Nebraska and Oklahoma have each sued Colorado over its legalization of the drug, saying it has negatively impacted them, but Mead indicated he won’t join that fight.

“My position, if we could get there, wouldn’t necessarily be to sue the state of Colorado; it would be to sue the federal government and the Department of Justice,” Mead said. Possession and distribution of marijuana remains a federal crime, but the Obama administration has decided not to enforce the laws in states where it’s been legalized.

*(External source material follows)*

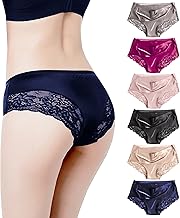 Women's Panties [6 Pack] Seamless Cute Bikini Sexy Lace Underwear High Breathability Stretchy Pants Deodorant Antibacterial Women's Cotton Breathable Non-Constricting Panties Beauty Butt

“I don’t think it’s an appropriate way for the federal government, the Department of Justice, to ignore an entire set of laws, because in effect then you are changing law — and that should be an act of Congress, not an act of an individual man deciding what he would like to do,” said Mead, a former federal prosecutor.

• President Obama’s call to provide free community college educations to all citizens isn’t being echoed by Mead. While praising the value of Wyoming’s community colleges and saying it’s important for them to remain inexpensive, the governor believes students should have some “skin in the game.”

“Education is so important that it is worth some amount of sacrifice,” Mead said.

• Two terms as governor is enough, and Mead said he plans to return to ranching after completing the second four-year term that he began this month.

“Even if, in the future, we have the best governor ever, I think it’s important to have that turnover,” Mead said.

He said he supports a current or former governor for president in 2016, listing several potential Republican candidates, including New Jersey Gov. Chris Christie and former Massachusetts Gov. Mitt Romney.